Halaman

Jumat, 28 Februari 2020

ketika cinta tanah air tinggal setetes


ketika cinta tanah air tinggal setetes

Bukan serba kebetulan, bukan dadakan, bukan iseng. Tapi ada pas dibutuhkan. Dikarenakan saat sedang simak buku “Pendidikan Pancasila untuk Perguruan Tinggi”, Kemenristekdikti RI, Cetakan I, 2016 ada yang mengganjal mata.

Bermula ada kalimat: 
Pancasila sebagai sistem filsafat merupakan bahan renungan yang menggugah kesadaran para pendiri negara, termasuk Soekarno ketika menggagas ide philosofische grondslag.” (halaman 6, alinea pertama)

Kalau cuma satu fakta tentang kiprah, konstribusi, kinerja Soekarno, terasa belum pas. Lanjut ke alinea terakhir halaman 27. Tersurat:
Presiden Soekarno pernah mengatakan, ”Jangan sekali-kali meninggalkan sejarah.” Pernyataan tersebut dapat dimaknai bahwa sejarah mempunyai fungsi penting dalam membangun kehidupan bangsa dengan lebih bijaksana di masa depan.

Berlanjut ke alinea akhir halaman 66 yang bersambung di dua baris pertama halaman 67. Tersurat:
Dinamika Pancasila dalam sejarah bangsa Indonesia memperlihatkan adanya pasang surut dalam pemahaman dan pelaksanaan nilai-nilai Pancasila. Misalnya pada masa pemerintahan presiden Soekarno, terutama pada 1960-an NASAKOM lebih populer daripada Pancasila.
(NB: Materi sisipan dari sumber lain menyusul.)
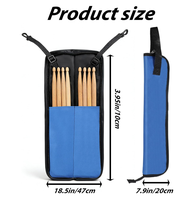 Sac pour baguettes de batterie, petite trousse de rangement portable pour baguettes avec crochets métalliques pour batteur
Pada zaman pemerintahan presiden Soeharto, Pancasila dijadikan pembenar kekuasaan melalui penataran P-4 sehingga pasca turunnya Soeharto ada kalangan yang mengidentikkan Pancasila dengan P-4. Pada masa pemerintahan era reformasi, ada kecenderungan para penguasa tidak respek terhadap Pancasila, seolah-olah Pancasila ditinggalkan.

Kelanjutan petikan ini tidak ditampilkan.